Anti-Mugabe protest update

As was widely reported a couple of weeks ago, two Zimbabwean players, Andy Flower and Henry Olonga very bravely took the field in a World Cup cricket match wearing black arm bands, as a statement mourning the death of democracy in their country. In the next game, the Zimbabwean Cricket Board attempted to prevent the players from playing. Andy Flower, who is one of the best batsmen in the world, eventually did play in the match (and subsequent matches) because his teammates en masse refused to play unless he was selected. Flower has played in all subsequent matches. Olonga has been less lucky. Olonga is a decent player, but not in the class of Flower, and the Zimbabwean selectors were able to get away with implying that his later non-selection had to do with form rather than the political statement he had made.

Since then, Andy Flower has stated that he knows he is not going to play for Zimbabwe again after this tournament. (He could have added "as long as Mugabe is in power" but he left that unstated). This is a shame, as it means that a great player will be lost to international cricket. Personally, though, he will be fine, due to the fact that he also plays cricket as an "overseas player" for English county Essex. English counties are permitted two non-English players. These players are normally international stars of the game, and are normally very well paid. Flower is easily good enough to qualify for one of these spots, and although he may not play international cricket again, he can make a comfortable living playing county cricket in England. He may have to live in exile from his own country, and while this is unfortunate, there are worse fates.

Henry Olonga, on the other hand, is not quite good enough to earn a regular "overseas player" spot in county cricket. He is certainly as good as many of the English players playing county cricket, however, so in order for him to play here, someone would have to make a special effort. Which is why it was heartening to read this in the Times this morning. (The Times' website is link-unfriendly, unfortunately).

THE very real fears that Henry Olonga’s ostracism by the Zimbabwe Cricket Union (ZCU) will culminate in the end of his international career have led to an extraordinary offer from a Suffolk businessman to sponsor him through county cricket this season.
Zimbabwe are scheduled to tour England from May to July but, if Olonga is omitted from the party as a punishment for his courageous political stand with Andy Flower, the fast bowler could yet benefit from the huge worldwide sympathy for his plight.

After reading in The Times last Friday that Olonga suspects his international future is over, Lawrence Mallinson contacted the newspaper to reveal that he had spoken to Essex to see if they could take him on as a “sponsored” overseas player.

“I think it is important that Henry should not be abandoned after the World Cup is over,” Mallinson said, “and feel that my business can at least afford to give him a well-deserved foot up.
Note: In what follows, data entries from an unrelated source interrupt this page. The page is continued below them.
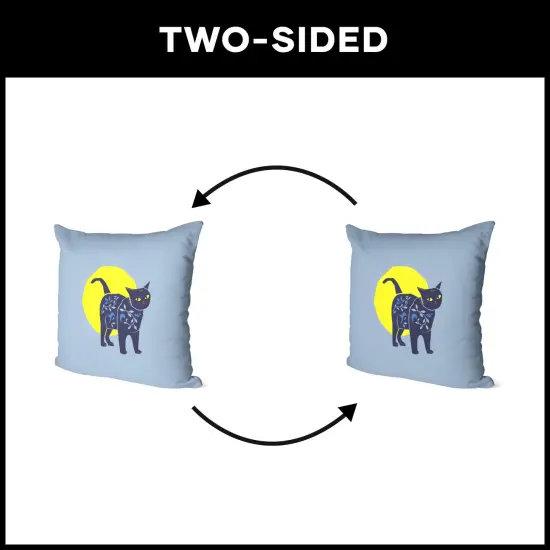 Halloween 18 Inch Throw Pillow Eerie Cat {6}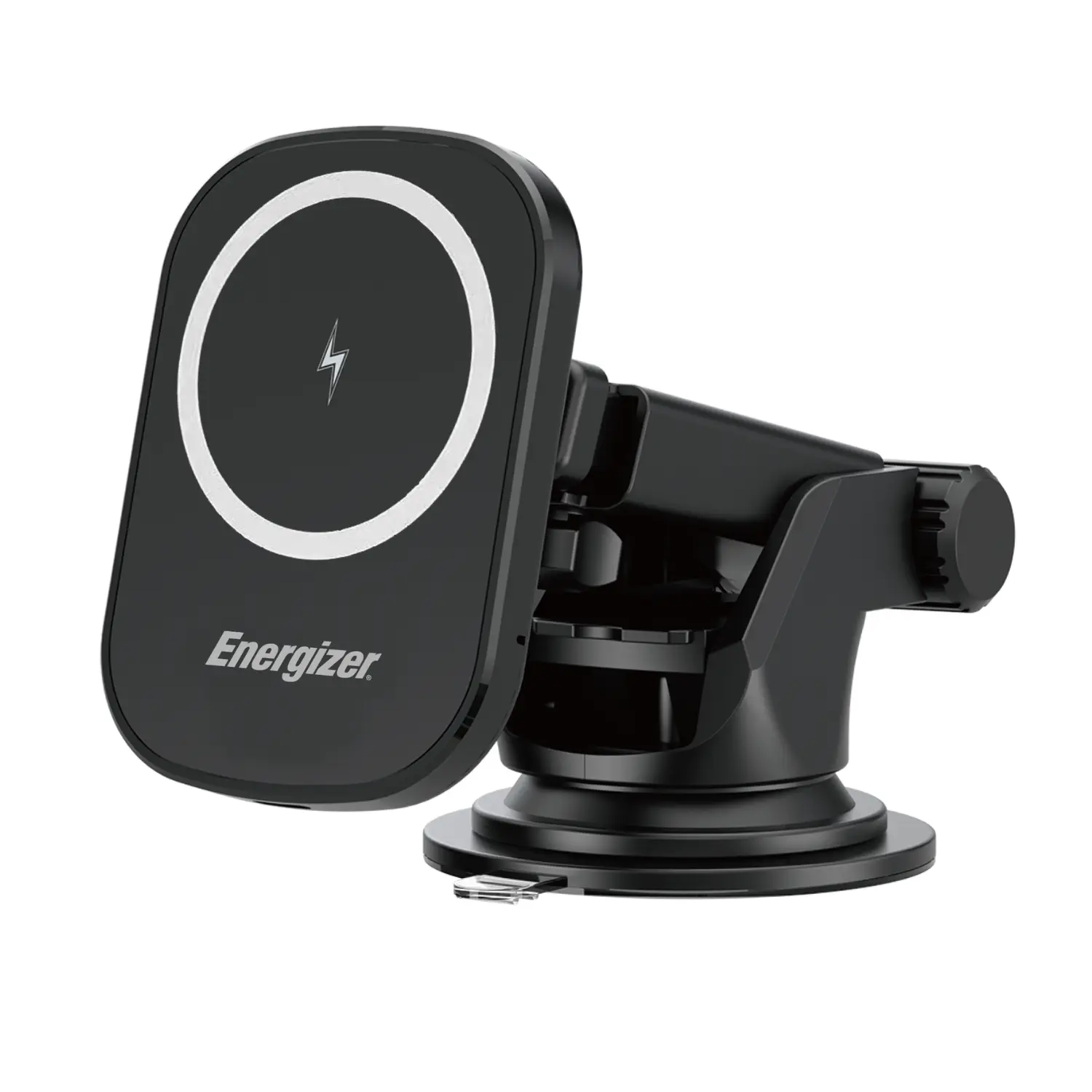 [ECA007_BK/NEW] Energizer Ultimate 15W Wireless Car Charger – Cargador Inalámbrico para Auto, 3 Soportes Incluidos, Carga Rápida, Color Black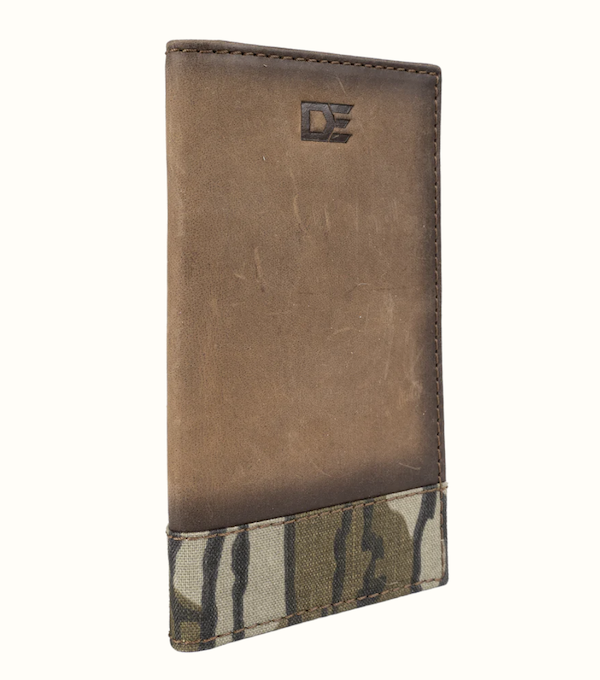 DE BI-FOLD CHECK BOOK WALLET LEA — view 1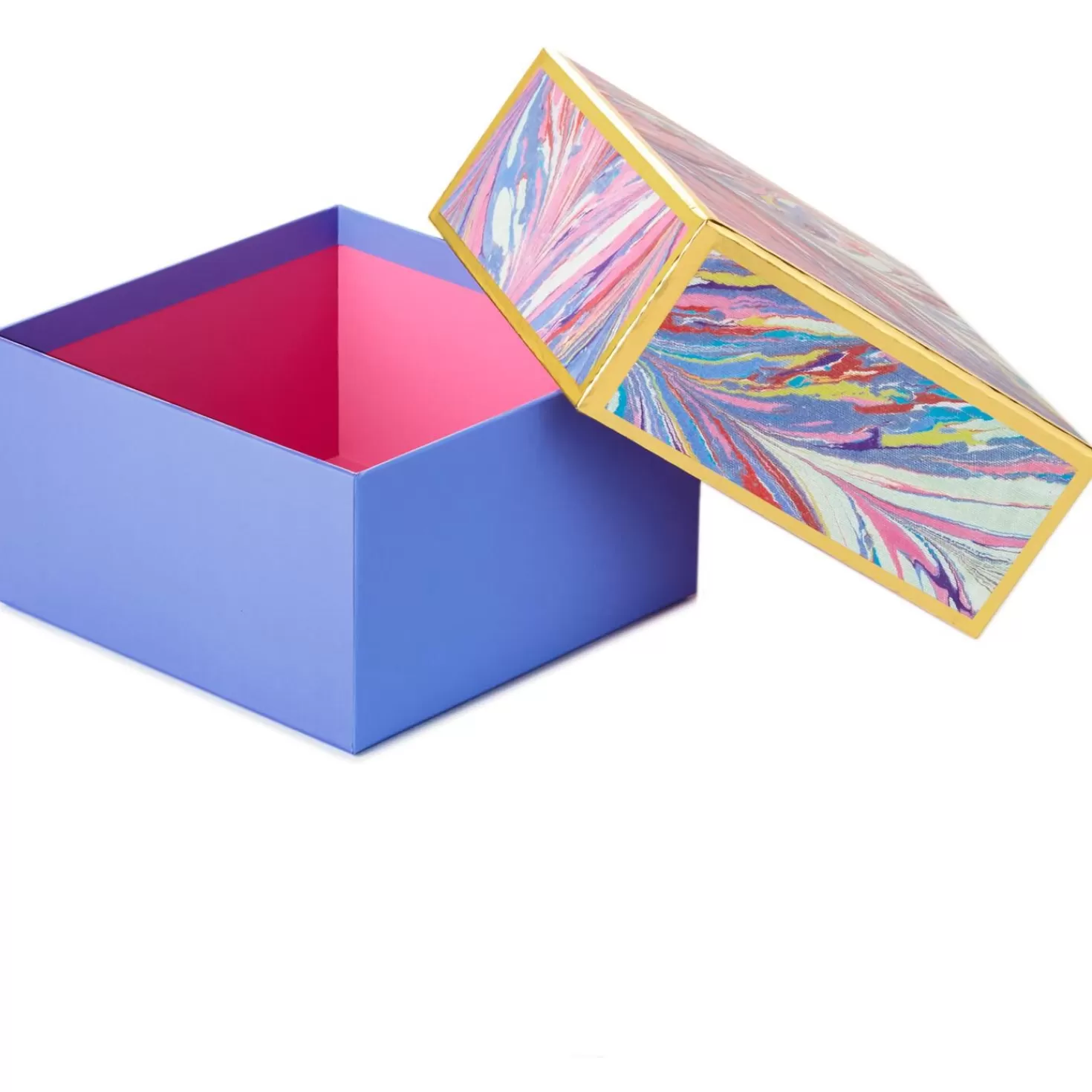 Shop Periwinkle Marbled Medium Square Gift Box, 7" Wedding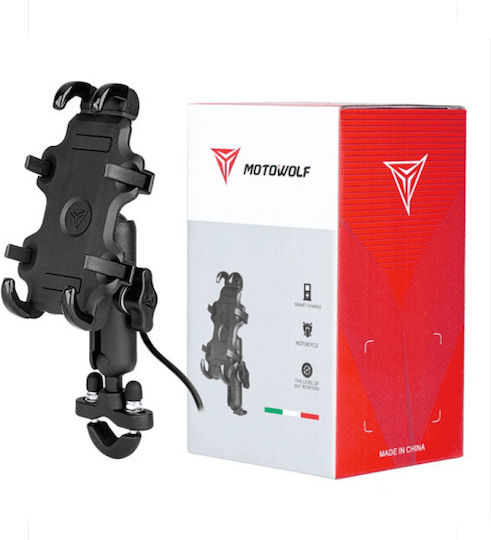 Motowolf Mount Phone Motorcycle with Adjustable Arm for Steering Wheel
Getting him over here might also help him make contacts that could lead on to something else.”


A member of the Zimbabwe coaching staff declared what has been widely known since Olonga was dropped after making his joint statement — that on cricketing grounds, he should still be in the side.


Mallinson is prepared to pay up to £30,000 to sponsor Olonga. “I’m not a huge philanthropist, but I was moved by what I read in The Times,” he said. “I know Henry isn’t your world-class overseas player, but what he did was very brave and I want to ensure he isn’t forgotten about.”

This is quite pleasing, and hopefully something can be sorted out to allow Olonga to play in England (although no doubt the British immigration service can find some way to screw things up). It would be a real shame for Olonga to have to suffer too much for his bravery and decency.

Of course, the best thing of all that could happen would be for someone less vile than Mr Mugabe to take power in Zimbabwe. That way, Zimbabwe could once again put its best possible cricket team on the field. And, vastly more importantly, the repression of the people of that beautiful country by Mugabe's thugs could cease.